Here’s The Latest In Gun Fashion For Women Who Carry A Gun.

I wasn’t surprised when the news about the unfortunate shooting of Veronica Rutledge by her two-year old son revealed that the kid had evidently pulled Mom’s gun out of a specially-designed gun tote bag that she had received as a Christmas gift, because those kinds of items have been around for a few years. But I did a double-take earlier this week when I received an email from the NRA pushing the sale of various shooting accessories and one of the items was a “Flashbang” woman’s holster designed to be attached and worn between the two cups of a bra. To quote the ad: “Simply pull up your shirt with one hand and pull down on your pistol with the other – in a matter of seconds you’ve safely deployed your self-defense sidearm.”

The NRA has been pushing the women as shooters for the last few years with the consequent appearance of feminine-styled products like clothing, jewelry, pink gun grips and the like, but sticking a gun into a molded holster and then concealing the holster in the cleavage between a woman’s breasts really takes the cake. And what I love most of all is the gung-ho image of raising the garment up with one hand and yanking out the gun with the other. If this isn’t right out of some early Angelina Jolie action flick that she and Brad would now rather forget, I don’t know what’s what.

The only problem with this marketing plan is that the movement of women into becoming serious shooters hasn’t really caught on. Yea, yea, I know there are a few blogs out there for the chicks with guns and the NRA video channel features some girls who look like they almost made the final cut to do commentaries on Fox News or sideline interviews for the NFL. But if all those women are flocking into gun shops to get all armed up, how come gun sales continue to slide?

Last year the NRA rewrote its training course known as “Personal Protection in the Home.” In fact, the intro says that the course was especially developed by the “women of the NRA.” The course, which I am certified to teach, explains “how to make your home less appealing to professional criminals, avoiding confrontation, and thoroughly covers the practical use of a firearm as a last resort to defend your home and family.” It covers subjects like security systems, telephone and other communications, locks on windows and doors and, of course, some hands-on training if either you or the trainer happens to show up with a gun. There’s even a section on what to do and what not to do after you’ve shot the bad guy coming through the back door; i.e., don’t touch the body, keep your mouth shut when the cops arrive, make sure you have a good lawyer, all the usual stuff.
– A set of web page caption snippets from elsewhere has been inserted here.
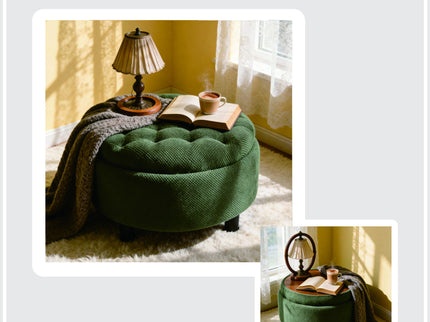 Storage Round Footstool Table Ottoman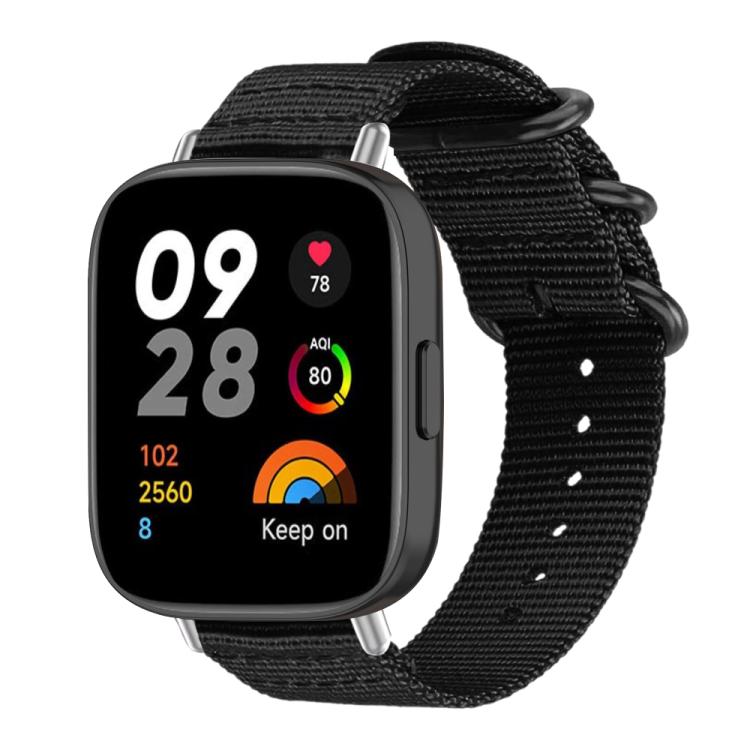 For Redmi Watch 3 xDfind Ring Buckle Nylon Canvas Watch Band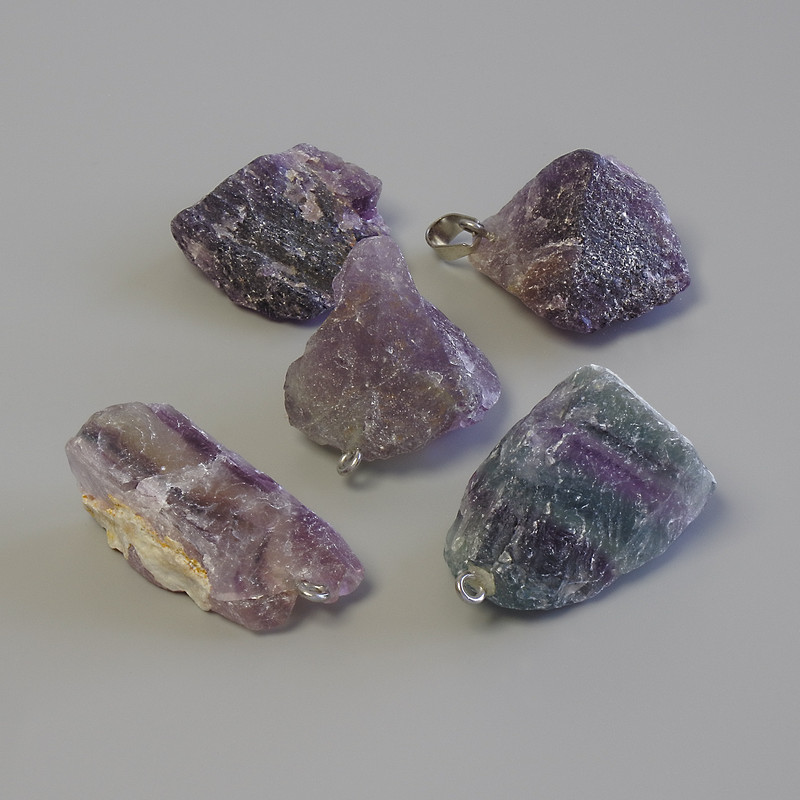 Fluorite pendant, natural stone, uncut, diameter 37-50×18-33 mm, assorted sizes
Interesting that there’s nothing in the course about what to do if the bad guy shoots you first.

The truth is that where women are concerned, most if not nearly all the “bad guys” who attack them happen to be their husbands, their ex-husbands or their boyfriends, none of whom are considered to be “professional criminals” by any stretch at all. In fact, women are 15% of the homicide victims each year, most of them killed with a gun, and when a woman does pull out a piece and bangs away, it’s always a husband, a lover or some other type of intimate partner violence that provoked the use of a gun.
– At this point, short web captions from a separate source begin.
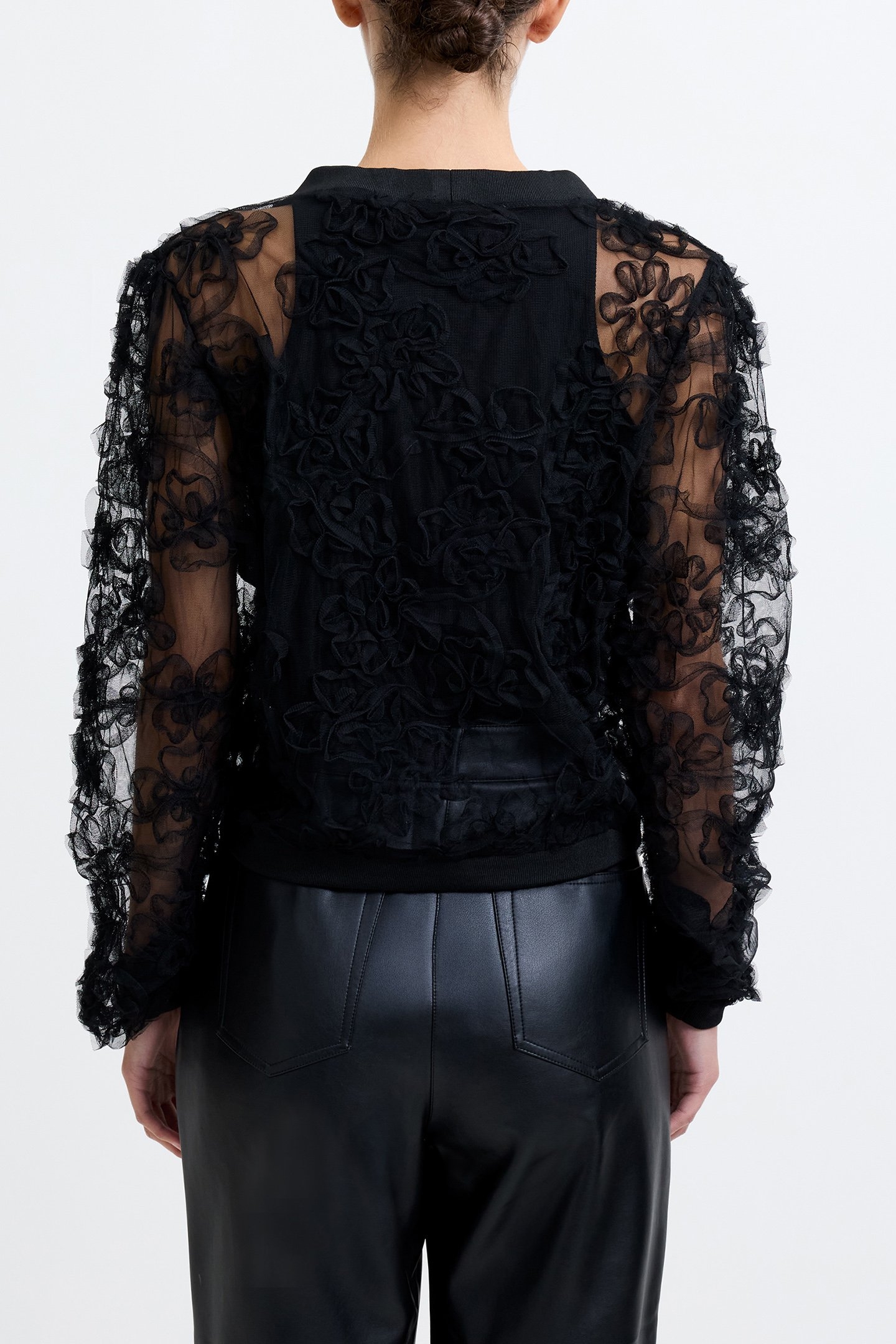 APPLIQUE MESH CARDIGAN BLACK 2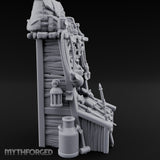 Pack-Hung Blade-Scattered Adventurer's Supply Shelf Miniature for Dungeons and Dragons, Pathfinder or other TTRPGs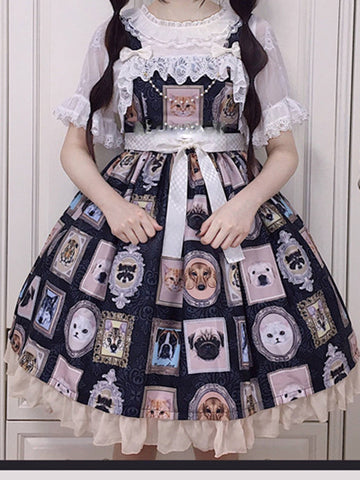 Girls Sweet Lolita Printed Princess Court Skirt AGD156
Last week Michigan’s Republican Governor, Rick Snyder, vetoed a bill that would have lessened certain safeguards for the issuance of CCW permits where there was a history of domestic abuse. In their usual fashion the NRA supported the bill because any removal of restrictions on gun ownership leads to more guns. The NRA is delusional if it really believes that women will buy into any kind of self-protection that doesn’t start and end with the issue of IPV. And women aren’t going to be persuaded otherwise because they can now use a holster to buckle themselves up.